Alaska property owners have paid more than four times as much in premiums than they received back in claims under the National Flood Insurance Program going back to 1980.
“It’s kind of ugly,” Lori Wing-Heier, the state’s insurance division director, told legislators this spring. “We don’t have the storms they get in Texas or Louisiana.”
The nationwide program, which is voluntary for states and communities, has been around for more than half a century. It pools together property owners from all the states and territories, much like group health insurance programs take in high-risk people, with low-risk, healthy people subsidizing care for those who have more claims.
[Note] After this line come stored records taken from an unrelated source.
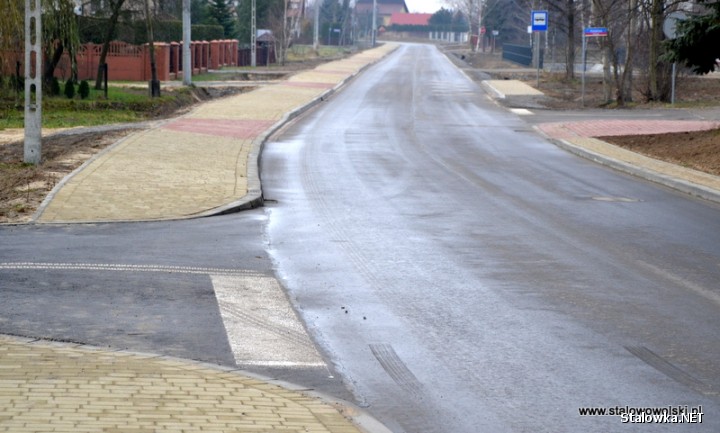 Zakończył się remont liczącego ponad 1,5 km długości odcinka drogi powiatowej w miejscowości Pilchów. Inwestycję wartą 3,73 mln zł sfinansowały Ministerstwo Infrastruktury, Powiat Stalowowolski oraz Gmina Zaleszany.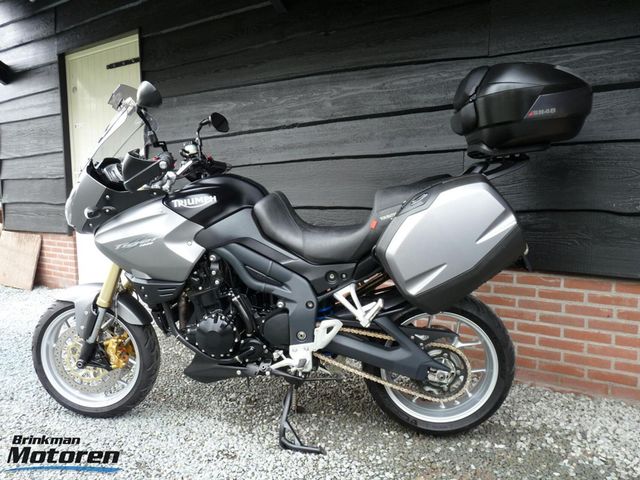 triumph - tiger-1050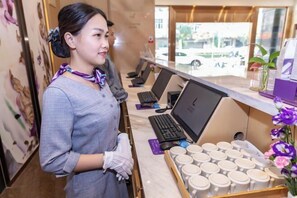 Business center - Lavande Hotel( Guangzhou Zengchen Xintang Light Rail Metro Station) (Guangzhou)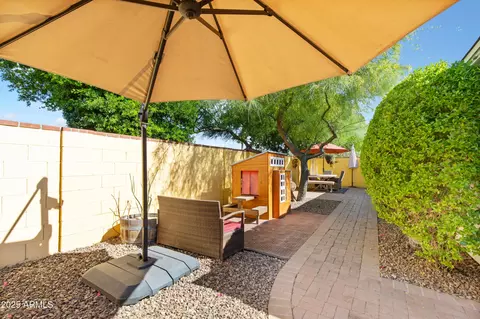 Exterior - 502 W Windsor Ave, Phoenix, AZ 85003 photo 4 of 11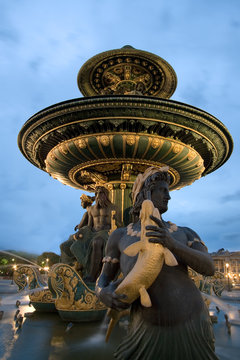 Fuente de la plaza de la Concordia, Paris (France)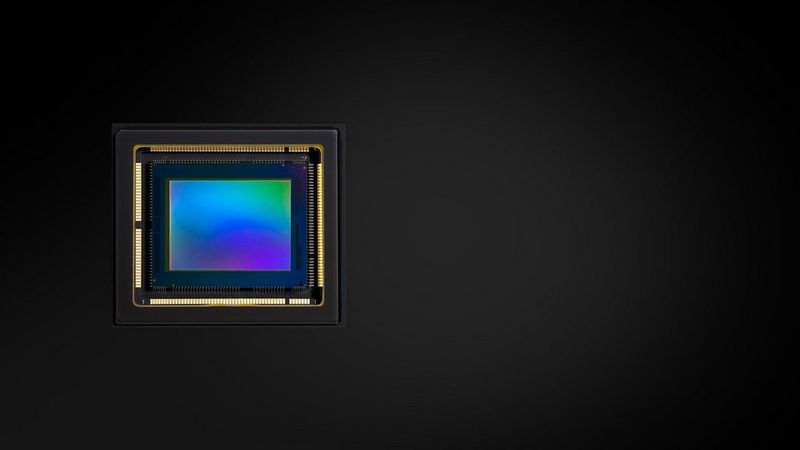 1.0-type CMOS sensor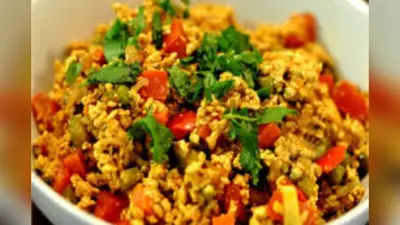 Dhaba Style Paneer Bhurji: अब बाहर जानें की नहीं है जरूरत, घर पर बनाइए ढाबा स्टाइल पनीर भूर्जी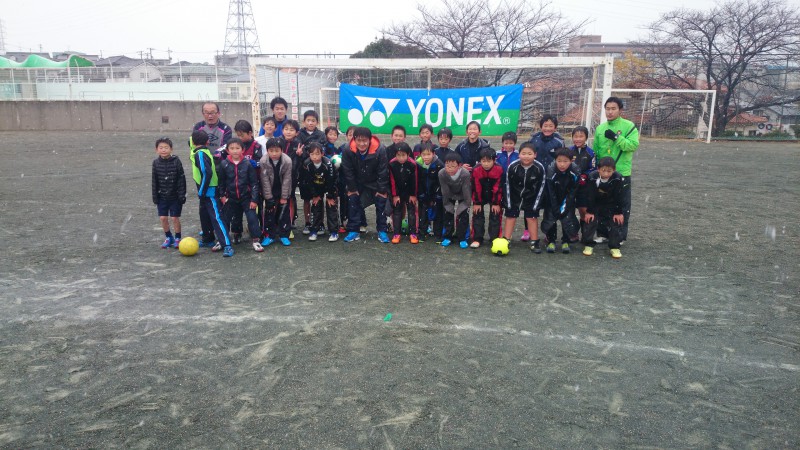 舘小学校サッカーー部の選手達と記念撮影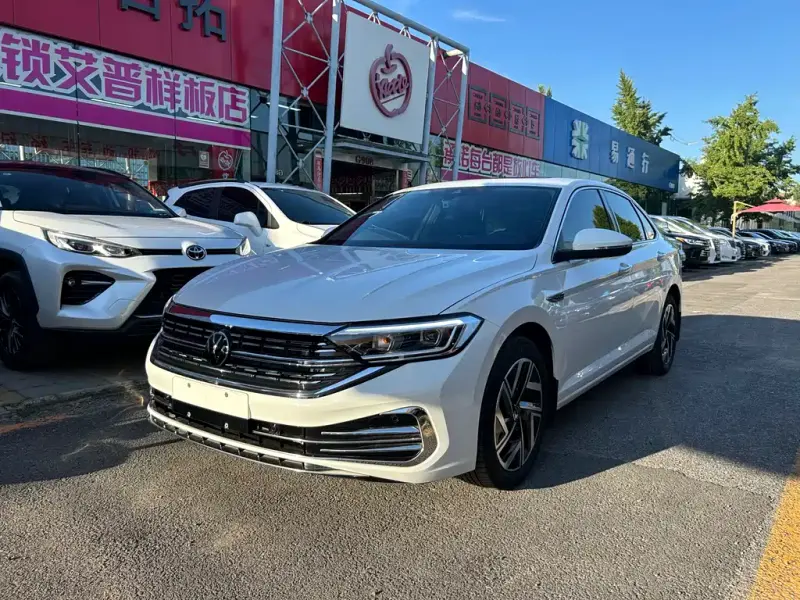 Volkswagen Sagitar, 2025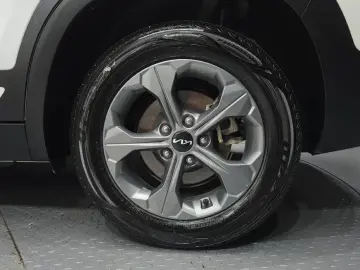 2023 Kia Seltos с пробегом 44 268 км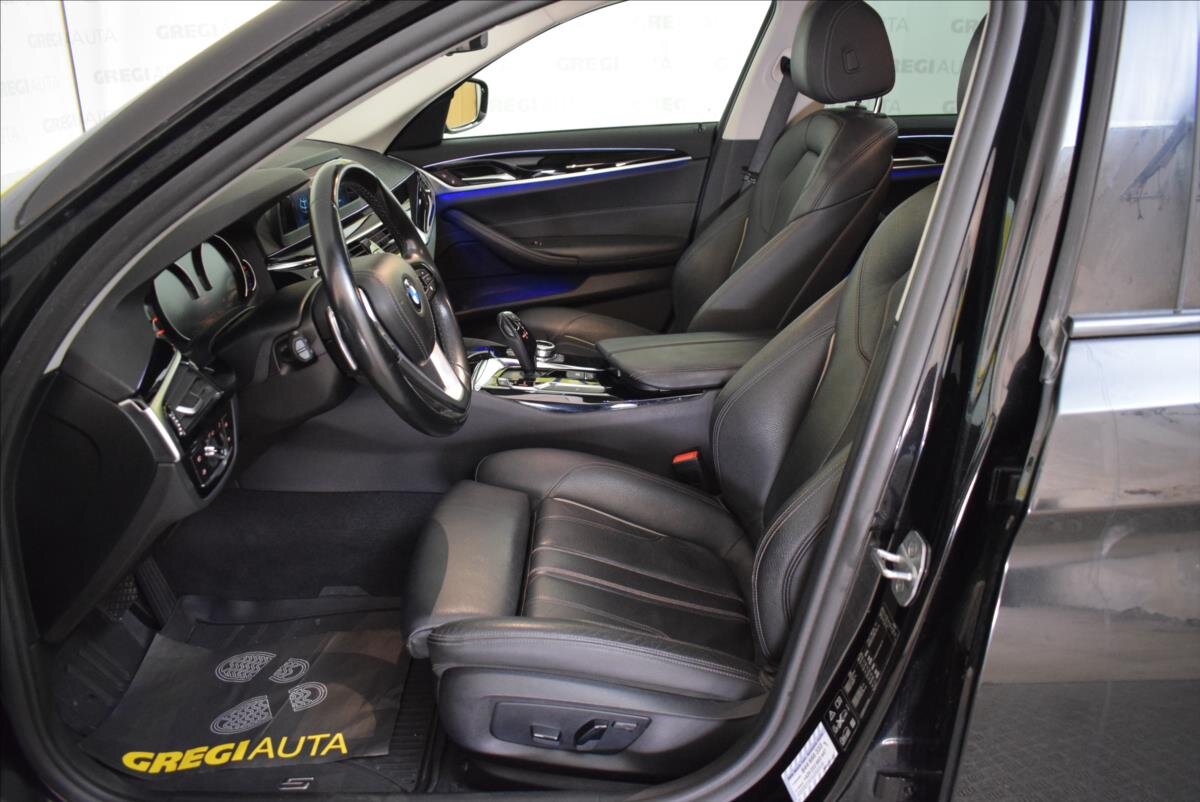 BMW Řada 5 Sedan / Limuzína 3,0 l 195 kw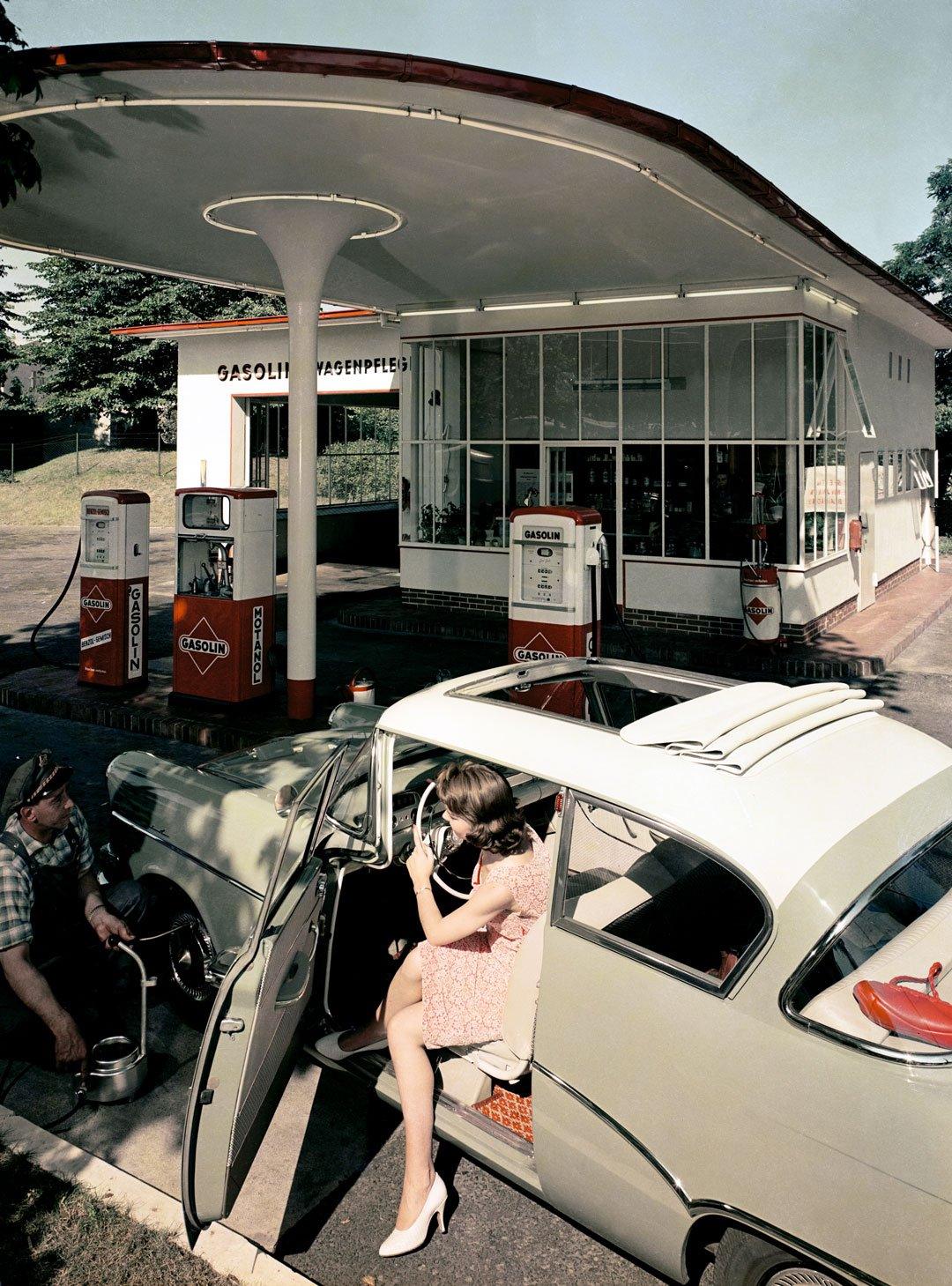 IT'S A GAS // The Allure of the Gas Station - Loja Real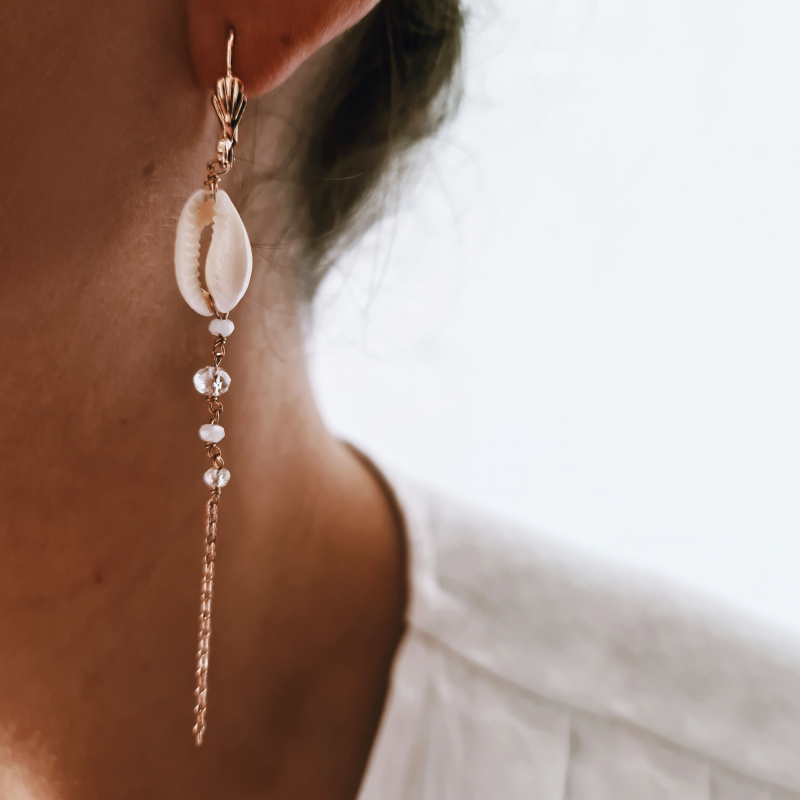 Boucles d'oreilles Victoria Cauri naturel or rose Boucles d'oreilles Victoria Cauri naturel or rose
“We’re subsidizing the coastal states in the Lower 48,” said Sitka Sen. Bert Stedman, sponsor of Senate Bill 180, which would establish a state-operated Alaska flood insurance program as an alternative to the national program. “We’ve been looking at creating our own program.”
An Alaska Department of Commerce report in October 2019 showed that Alaska property owners paid $43.1 million in premiums to the federal program 1980 through 2017, receiving $9.7 million in payments on claims. The only states with even lower returns on their premiums were Wyoming, Utah and Montana.
“Our flood premiums are horrendous,” Wing-Heier told lawmakers at a Senate Labor and Commerce Committee hearing on March 25.
“Everybody that has a mortgage … and it’s federally insured, they require flood insurance,” Stedman said at the same committee hearing. Insurance is mandatory for property in high-risk areas, as determined by flood maps, whether the mortgage is federally insured or held by a federally regulated lender.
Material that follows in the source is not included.